_Exercise requirements_
Omit all pictures, and print word for word only the lines from the one containing "The Multiplying Decimals" through the end of the data.

==== Data provided ====

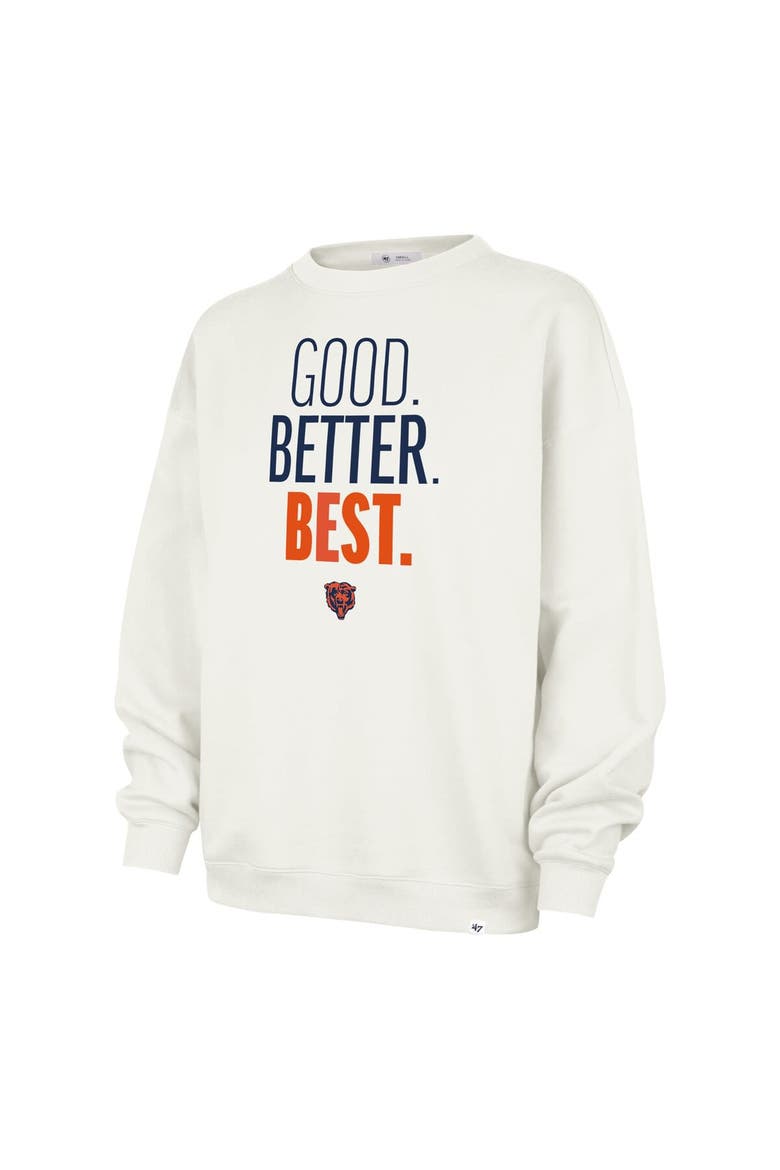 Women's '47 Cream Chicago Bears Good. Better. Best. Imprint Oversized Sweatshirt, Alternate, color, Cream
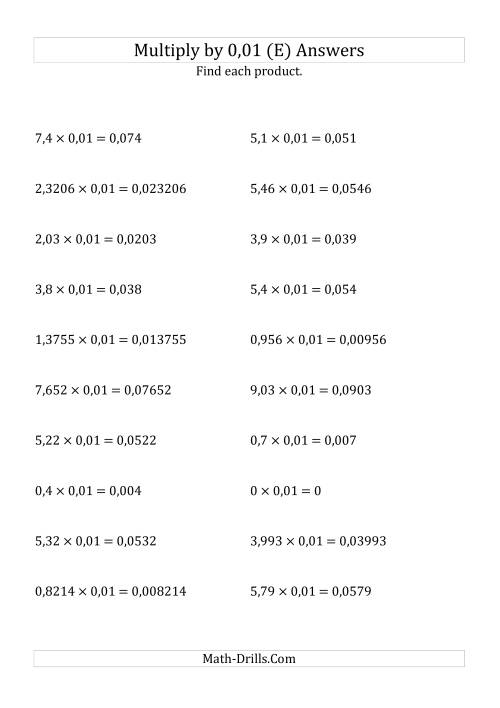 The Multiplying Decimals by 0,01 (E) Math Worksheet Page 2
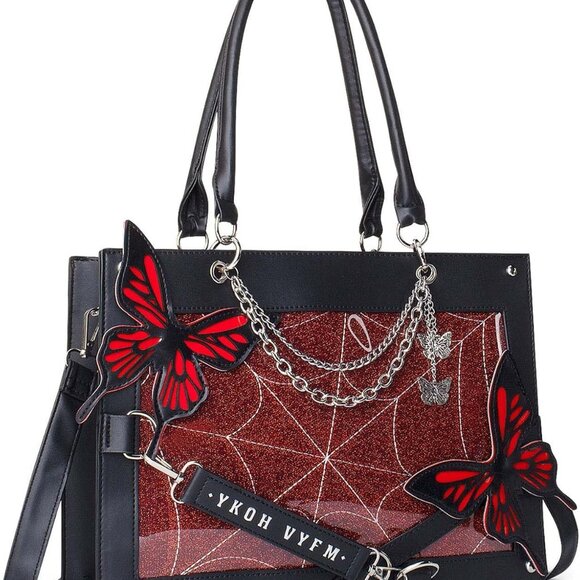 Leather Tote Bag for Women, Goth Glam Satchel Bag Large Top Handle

====

_Task result_
 The Multiplying Decimals by 0,01 (E) Math Worksheet Page 2
 Leather Tote Bag for Women, Goth Glam Satchel Bag Large Top Handle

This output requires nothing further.